Sowell has shown empirically that racial preferences are counterproductive. Fifty years ago Sowell wrote, “The double standard of grades and degrees is an open secret on many campuses.” He argued that preferences devalue the recipients in the minds of others and themselves. The way up is to out-study and out-work competitors, but cultural influences that can go back decades (and sometimes even centuries) are crucial.
The analysis in Chris Bail’s Breaking the Social Media Prism (Princeton, 2021) reminds me of Sowell’s work in going beyond easy answers. He shows, as I and many others have, that social media distort our identities and empower extremists. But he disputes the “get out of the echo chamber” advice that I’ve offered, because his research shows that people who read opposing views on social media often harden their own positions.

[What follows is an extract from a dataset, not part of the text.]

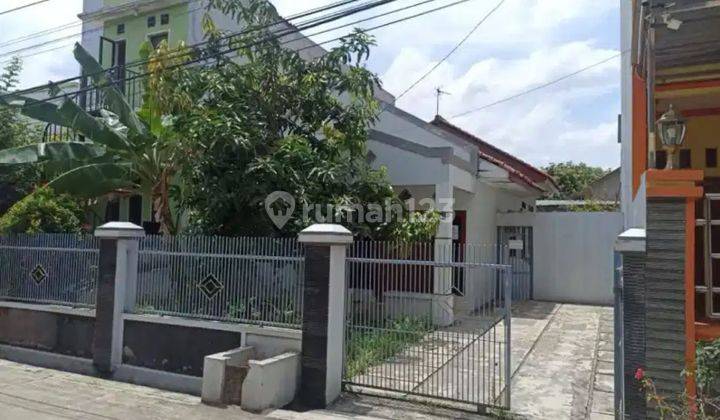 Rumah bagus,murah,siap huni,one gate system,lokasi strategis nempel Summarecon Bekasi,Bekasi utara 2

Bail’s solution: “A digital advertising tax” to fund a give-both-sides platform, ideally controlled by government, that with big stars and big dollars would become popular. In practice, it’s highly likely that such a suite-level cure would become one more propaganda weapon.
Bookmarks
Fifteen thoughtful Christians contributed to Before You Lose Your Faith: Deconstructing Doubt in the Church, edited by Ivan Mesa (Gospel Coalition, 2021). Ian Harber describes how “‘Progressive’ Christianity was shallower than the evangelical faith I left,” with therapy the new path to happiness and cancel culture the new church discipline: “If you didn’t toe the party line of progressive orthodoxy, you were an outcast.” Brett McCracken notes that leaving Christianity “is in no way countercultural. … The radical choice is to keep the faith.”
If you read Exiles on Mission by Paul Williams (Brazos Press, 2020), go directly to Chapters 9 and 10, which compare to Biblical truth five non-Christian ideologies of contemporary Western culture—naturalistic scientism, free-market capitalism, postmodern identity, environmentalism, and secular pluralism. Williams leaves out the one story, thoroughly deconstructed three decades ago, that has now made a campus comeback: socialism. —M.O.